Another architect, who too prefers anonymity, feels the preservation of local architecture appears to have been overlooked in the Smart City project. “It lacks a thorough assessment of the resilience of the traditional architecture against potential threats such as earthquakes.”
Lal Chowk changes
People would avoid entering Lal Chowk because of congestion and traffic jams, says Nisar Ahmad Shahdhar, general secretary of the Miasuma Traders Association. “Now, Lal Chowk has become visually appealing and roads have become uniform. Pathways have been widened for people to walk with ease. It will definitely increase the stay time of customers and improve our business,” he says.
A conservation architect holds contrarian views. He feels Lal Chowk has been completely concretised under the guise of rejuvenation. “It’s now devoid of any greenery. The neglect of the historical context of the city is evident in the project’s generic and contextually disconnected solutions.”
longing for change
Amid the debate, some locals have a funny, and perhaps a realistic, take. Javed Ahmad Dar of Parraypora locality wants the G20 events to be postponed so that the scope of the infrastructure development projects can be expanded. “We are seeing Srinagar being renovated at such a pace for the first time. We have no reason to believe that work will continue at this scale and with such intensity after the G20 meetings are over,” he says.

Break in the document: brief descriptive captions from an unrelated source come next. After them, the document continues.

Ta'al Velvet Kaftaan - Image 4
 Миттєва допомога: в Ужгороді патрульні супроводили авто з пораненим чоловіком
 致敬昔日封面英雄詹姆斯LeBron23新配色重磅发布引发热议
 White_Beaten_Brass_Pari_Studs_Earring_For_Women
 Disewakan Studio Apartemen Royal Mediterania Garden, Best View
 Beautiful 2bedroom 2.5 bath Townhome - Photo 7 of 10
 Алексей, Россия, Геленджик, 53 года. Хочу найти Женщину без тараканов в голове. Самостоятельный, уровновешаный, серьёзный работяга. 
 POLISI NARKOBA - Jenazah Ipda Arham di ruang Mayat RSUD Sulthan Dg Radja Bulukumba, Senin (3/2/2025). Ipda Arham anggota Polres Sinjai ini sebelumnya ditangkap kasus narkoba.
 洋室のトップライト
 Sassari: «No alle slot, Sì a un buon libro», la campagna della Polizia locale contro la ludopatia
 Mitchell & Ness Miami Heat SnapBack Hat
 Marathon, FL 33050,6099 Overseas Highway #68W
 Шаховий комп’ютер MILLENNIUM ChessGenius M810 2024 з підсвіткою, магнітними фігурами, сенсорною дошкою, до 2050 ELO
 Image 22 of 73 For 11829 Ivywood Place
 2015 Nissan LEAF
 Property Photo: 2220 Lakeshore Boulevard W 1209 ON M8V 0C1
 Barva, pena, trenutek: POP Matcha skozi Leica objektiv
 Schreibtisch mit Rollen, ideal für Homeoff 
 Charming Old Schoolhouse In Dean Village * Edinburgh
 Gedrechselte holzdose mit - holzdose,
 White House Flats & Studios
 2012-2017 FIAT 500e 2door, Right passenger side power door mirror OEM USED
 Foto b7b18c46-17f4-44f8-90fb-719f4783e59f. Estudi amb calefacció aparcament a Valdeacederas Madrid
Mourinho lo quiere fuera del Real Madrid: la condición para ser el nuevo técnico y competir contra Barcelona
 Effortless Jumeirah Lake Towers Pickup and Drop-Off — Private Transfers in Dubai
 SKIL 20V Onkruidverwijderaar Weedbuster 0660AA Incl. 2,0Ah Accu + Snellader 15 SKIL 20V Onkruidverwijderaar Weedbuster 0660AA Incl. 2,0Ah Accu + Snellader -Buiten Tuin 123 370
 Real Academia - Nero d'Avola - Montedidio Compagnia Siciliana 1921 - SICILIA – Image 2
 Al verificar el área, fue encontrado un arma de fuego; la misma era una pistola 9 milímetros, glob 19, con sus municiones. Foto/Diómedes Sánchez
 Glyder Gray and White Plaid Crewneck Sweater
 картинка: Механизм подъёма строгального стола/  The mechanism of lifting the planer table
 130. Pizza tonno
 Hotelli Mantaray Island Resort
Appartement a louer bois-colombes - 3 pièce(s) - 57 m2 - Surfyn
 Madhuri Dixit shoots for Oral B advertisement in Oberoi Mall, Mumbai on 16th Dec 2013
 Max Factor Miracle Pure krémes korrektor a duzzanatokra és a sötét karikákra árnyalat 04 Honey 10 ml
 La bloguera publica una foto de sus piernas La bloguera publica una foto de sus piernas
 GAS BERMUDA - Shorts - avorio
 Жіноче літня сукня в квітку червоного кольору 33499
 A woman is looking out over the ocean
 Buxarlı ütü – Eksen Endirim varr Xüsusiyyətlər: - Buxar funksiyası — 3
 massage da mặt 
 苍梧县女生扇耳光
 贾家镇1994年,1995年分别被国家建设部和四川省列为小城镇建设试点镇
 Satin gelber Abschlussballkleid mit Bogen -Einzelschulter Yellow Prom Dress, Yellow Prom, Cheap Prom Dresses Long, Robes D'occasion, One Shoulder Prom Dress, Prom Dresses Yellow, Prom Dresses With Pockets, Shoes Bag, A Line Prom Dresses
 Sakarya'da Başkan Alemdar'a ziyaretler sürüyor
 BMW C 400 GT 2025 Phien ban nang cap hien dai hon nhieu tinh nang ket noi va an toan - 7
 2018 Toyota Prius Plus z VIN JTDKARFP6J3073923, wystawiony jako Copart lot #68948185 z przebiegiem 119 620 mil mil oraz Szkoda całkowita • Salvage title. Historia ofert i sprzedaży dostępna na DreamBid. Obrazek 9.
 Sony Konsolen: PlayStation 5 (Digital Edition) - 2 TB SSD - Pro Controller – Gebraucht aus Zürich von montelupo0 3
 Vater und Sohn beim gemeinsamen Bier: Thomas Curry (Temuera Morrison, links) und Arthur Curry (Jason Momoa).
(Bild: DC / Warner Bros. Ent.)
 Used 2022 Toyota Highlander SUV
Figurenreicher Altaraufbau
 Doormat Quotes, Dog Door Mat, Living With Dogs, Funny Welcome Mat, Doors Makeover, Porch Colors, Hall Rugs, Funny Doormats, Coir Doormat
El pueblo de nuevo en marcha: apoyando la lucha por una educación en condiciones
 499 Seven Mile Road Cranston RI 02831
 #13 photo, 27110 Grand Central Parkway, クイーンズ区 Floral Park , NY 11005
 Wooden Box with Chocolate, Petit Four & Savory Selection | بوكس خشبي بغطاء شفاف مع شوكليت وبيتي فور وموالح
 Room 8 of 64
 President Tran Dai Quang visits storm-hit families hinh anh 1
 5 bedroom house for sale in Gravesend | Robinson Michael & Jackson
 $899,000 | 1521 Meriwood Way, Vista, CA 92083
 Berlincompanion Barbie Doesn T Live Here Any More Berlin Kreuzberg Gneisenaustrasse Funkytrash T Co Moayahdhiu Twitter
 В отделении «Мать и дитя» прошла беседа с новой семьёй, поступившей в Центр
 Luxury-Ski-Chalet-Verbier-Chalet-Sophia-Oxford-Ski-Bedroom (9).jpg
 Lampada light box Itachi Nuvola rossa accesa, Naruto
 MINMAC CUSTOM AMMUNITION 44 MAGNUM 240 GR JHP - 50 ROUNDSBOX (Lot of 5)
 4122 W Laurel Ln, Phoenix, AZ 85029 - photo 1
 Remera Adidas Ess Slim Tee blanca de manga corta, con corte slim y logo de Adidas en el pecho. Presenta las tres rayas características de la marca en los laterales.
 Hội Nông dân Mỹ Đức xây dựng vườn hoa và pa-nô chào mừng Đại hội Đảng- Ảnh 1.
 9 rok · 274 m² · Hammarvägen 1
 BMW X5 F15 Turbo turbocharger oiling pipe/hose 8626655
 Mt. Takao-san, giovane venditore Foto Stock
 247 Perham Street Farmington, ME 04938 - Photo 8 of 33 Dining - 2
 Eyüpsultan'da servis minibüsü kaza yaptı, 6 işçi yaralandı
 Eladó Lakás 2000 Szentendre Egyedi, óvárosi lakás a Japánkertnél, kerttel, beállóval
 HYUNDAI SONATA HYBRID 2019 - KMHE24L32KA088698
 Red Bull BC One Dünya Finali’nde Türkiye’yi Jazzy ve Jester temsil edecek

“The situation is relatively peaceful and we are expecting a good tourist season. The G20 event will inspire confidence among potential foreign tourists. I am sure it will send out a positive message globally,” says Nasir Hussain Shah, a top hotelier.
Safina Baig, who is the DDC chairperson, Baramulla, and heads the J&K Haj Committee, feels the G20 summit carries immense promise for the future of Kashmir. “Influential leaders coming here reflects international recognition of the region’s importance, and the need to address its longstanding challenges of foreign tourist arrival and investment,” she says.
It’s a sentiment that not many in the troubled Valley would disagree with.